_INPUT DATA_

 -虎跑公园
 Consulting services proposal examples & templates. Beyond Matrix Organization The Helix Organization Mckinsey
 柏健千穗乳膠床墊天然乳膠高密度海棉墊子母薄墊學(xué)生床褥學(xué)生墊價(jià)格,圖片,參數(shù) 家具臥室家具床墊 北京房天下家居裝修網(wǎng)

* * *

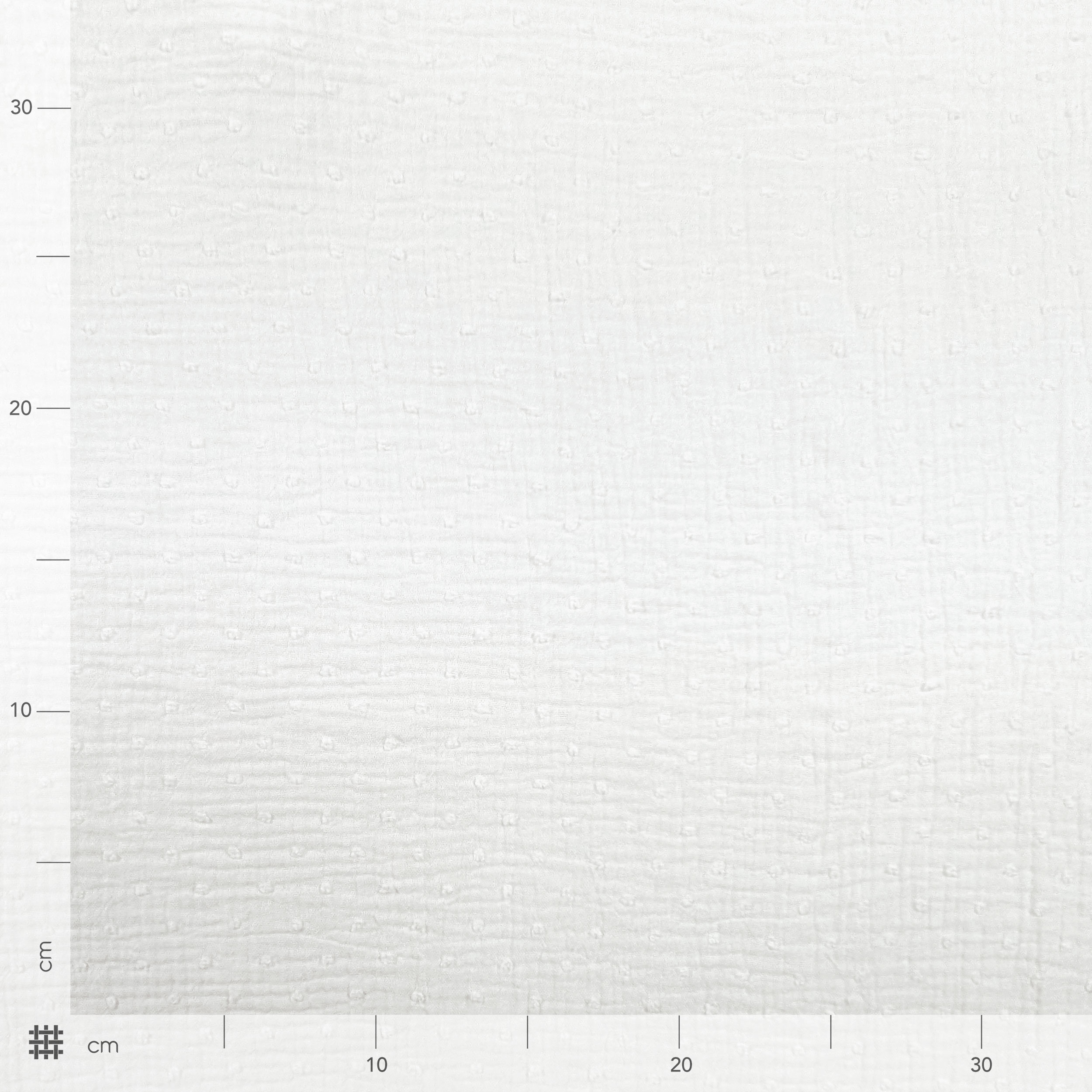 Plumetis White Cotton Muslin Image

==

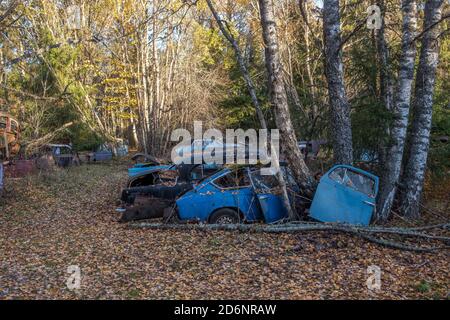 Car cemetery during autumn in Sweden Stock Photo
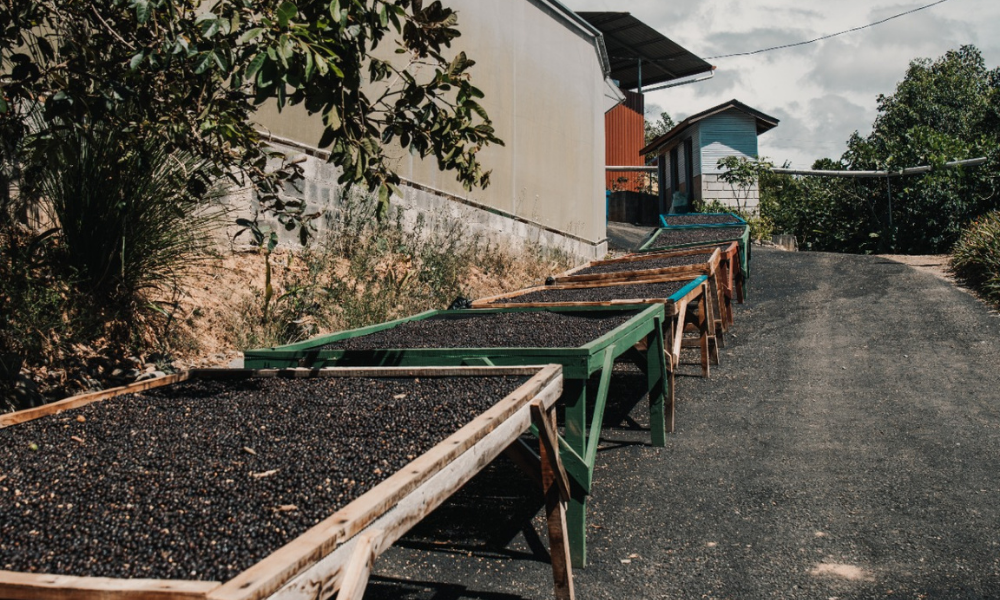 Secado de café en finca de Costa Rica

_PROBLEM TO SOLVE_
Find where the line with "Car cemetery during" sits in the material above and where the line with "Secado de café en finca de Costa Rica" sits. Set down exactly the lines from the first to the second, both included and nothing else, without pictures.

_OUTPUT OF THE EXERCISE_
 Car cemetery during autumn in Sweden Stock Photo
 Secado de café en finca de Costa Rica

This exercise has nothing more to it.